• [WHAT YOU SHOULD DO]:
Print every entry exactly as it appears, but skip the pictures.

• [RECORDS SUPPLIED]:
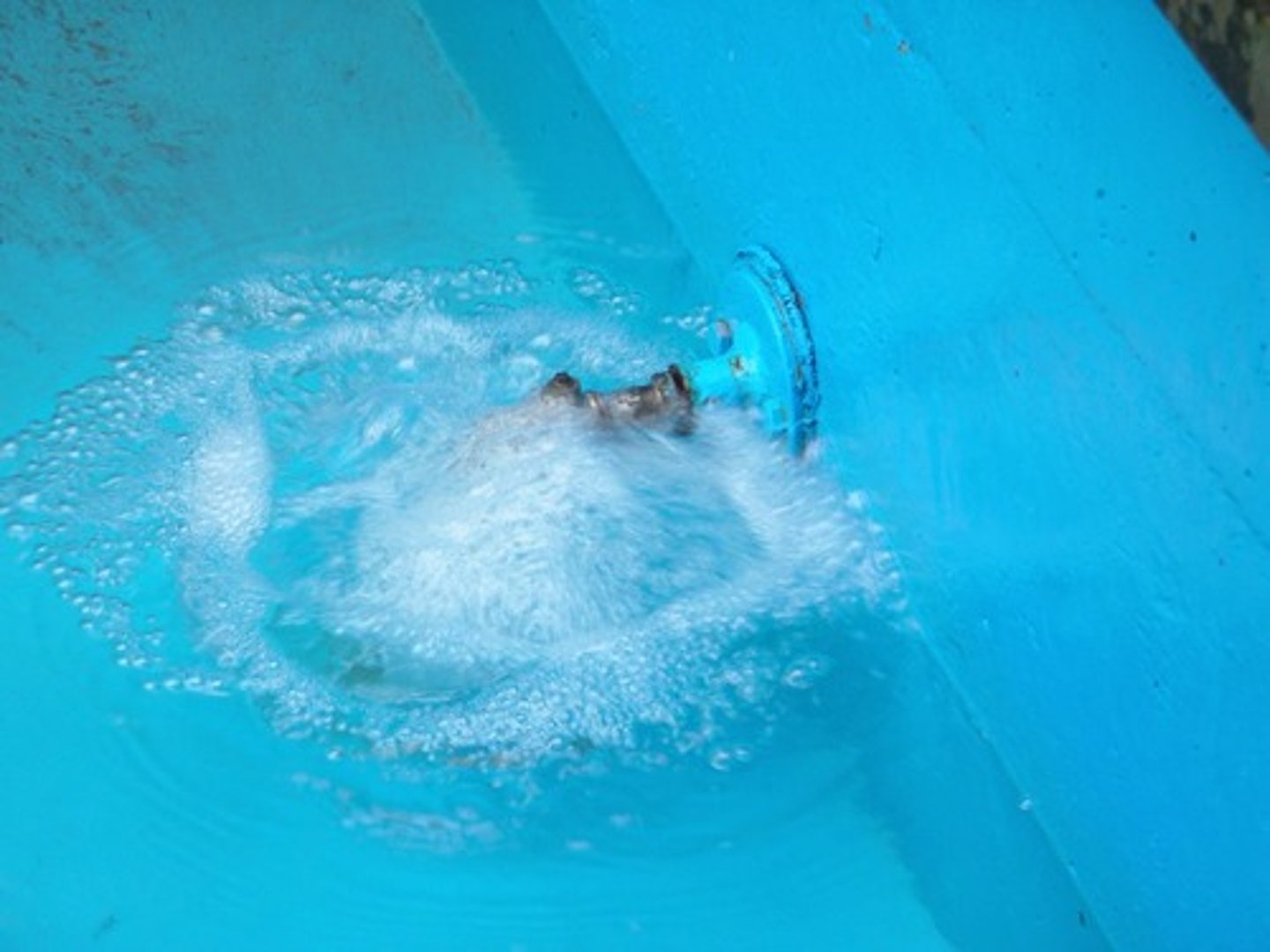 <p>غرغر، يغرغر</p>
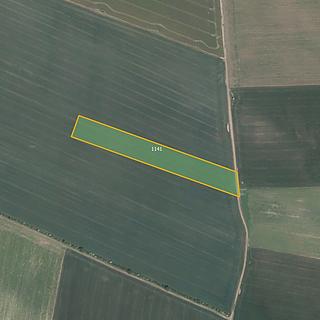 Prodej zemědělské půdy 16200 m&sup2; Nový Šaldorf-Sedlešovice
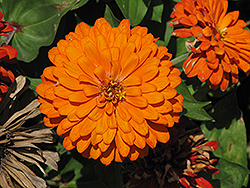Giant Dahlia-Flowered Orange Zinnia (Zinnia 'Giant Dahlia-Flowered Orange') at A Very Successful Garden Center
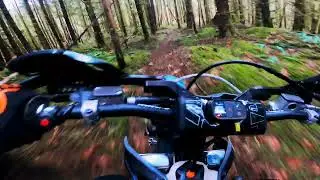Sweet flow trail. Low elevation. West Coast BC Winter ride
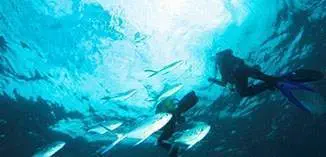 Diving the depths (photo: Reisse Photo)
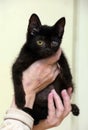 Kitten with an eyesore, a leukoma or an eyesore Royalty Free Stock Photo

• [ANSWER TO THIS TASK]:
 <p>غرغر، يغرغر</p>
 Prodej zemědělské půdy 16200 m&sup2; Nový Šaldorf-Sedlešovice
Giant Dahlia-Flowered Orange Zinnia (Zinnia 'Giant Dahlia-Flowered Orange') at A Very Successful Garden Center
Sweet flow trail. Low elevation. West Coast BC Winter ride
 Diving the depths (photo: Reisse Photo)
 Kitten with an eyesore, a leukoma or an eyesore Royalty Free Stock Photo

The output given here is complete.